Oke, ini poin yang tricky. Banyak yang sedih karena format musiknya berubah (nanti kita bahas di poin minus), tapi harus diakui, konsep Symphony Dieng kemarin itu magis banget. Mendengar alunan lagu dari Nugie, Tiara Andini, Monita Tahalea dan orkestra dari Gamelan Orkestra Prawiratama dari Yogyakarta di tengah suhu 5 derajat celcius, dibalut kabut tipis, itu rasanya... ethereal. Mewah!

Aransemen musik yang megah, lighting yang cetar membahana berpadu sama mistisnya suasana dataran tinggi bikin bulu kuduk berdiri (bukan cuma karena dingin, ya!). Ini ngasih experience baru yang lebih "mahal" dan kontemplatif dibanding sekadar loncat-loncat nonton konser biasa.






3. Ritual Rambut Gimbal yang Lebih Sakral 

Sesuai temanya, "Back to The Culture", prosesi pencukuran rambut gimbal tahun ini terasa lebih khidmat. Panitia sepertinya bener-bener mau balikin "roh" acara ini ke akarnya. Kalau tahun-tahun sebelumnya ritual ini kadang "ketutup" sama hingar-bingar panggung musik, kemarin sorotannya bener-bener penuh ke adik-adik rambut gimbal.

Melihat prosesi jamasan sampai pelarungan, rasanya kita jadi diingetin lagi kalau DCF itu bukan cuma soal hura-hura, tapi soal doa dan tradisi leluhur yang harus dijaga. Respect!



4. Pesta Lampion yang Nggak Pernah Gagal 

Mau dikata cliché, mau dibilang mainstream, momen pelepasan lampion itu tetap jadi juara. Titik. Ribuan cahaya kuning naik pelan-pelan ke langit gelap, diiringi musik syahdu (dan ribuan story Instagram yang di-upload bersamaan), itu tetap momen terbaik buat healing. Romantisnya dapet, harunya dapet. Biarpun tangan beku megangin lampion, hati rasanya anget banget.

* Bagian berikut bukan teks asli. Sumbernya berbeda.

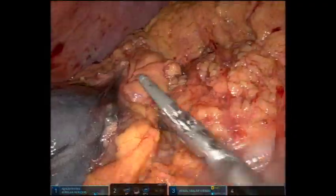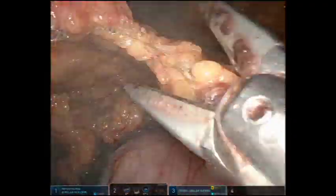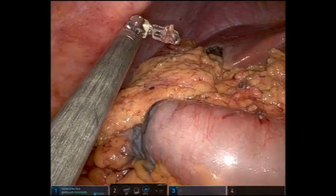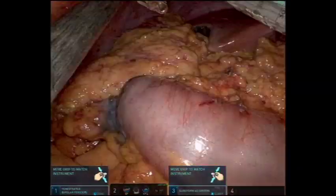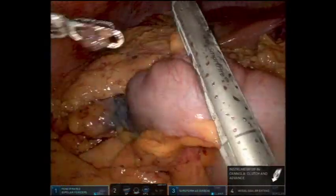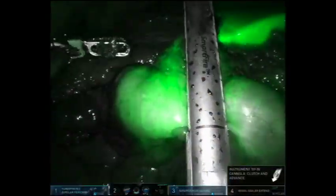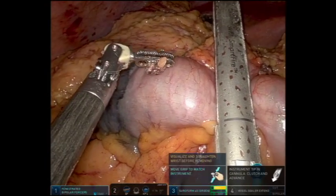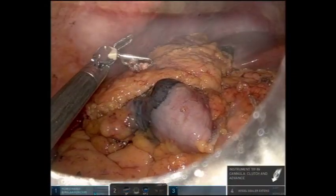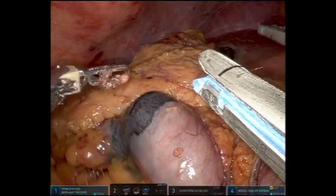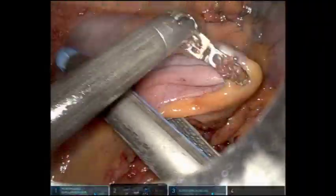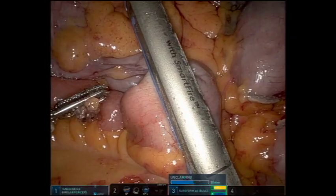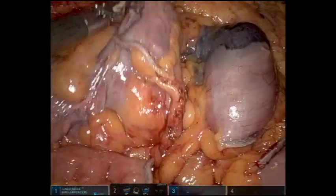A small omental band is taken down to complete the dissection. The patient is injected with four milliliters of indocyanine green. Well-vascularized transverse colon is then transected using the robotic stapler with a green cartridge. Once the transverse colon has been transected, a blue robotic cartridge is placed across the terminal ileum and the well-vascularized small bowel is transected using the stapler.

YANG BIKIN GARUK KEPALA (MINUSNYA)

1. Tata panggung yang kok gitu ? 

DCF tuh selalu identic dengan tata panggung yang wah. Beberapa tahun terakhir panggung utama di setting sedemikian rupa megah, nyeni dan ga pernah gagal membuat takjub, lengkap dengan setting lampu, audio sampai asap buatannya, memanjakan tukang foto seperti kita kita.

Tahun ini, panggung yang dibuat terkesan biasa saja dan (sori) kayak panggung dangdutan. Ga ada arsitektur nyeninya. Dalam pikiran baikku ini mungkin karena mengusung konsep sederhana itu tadi.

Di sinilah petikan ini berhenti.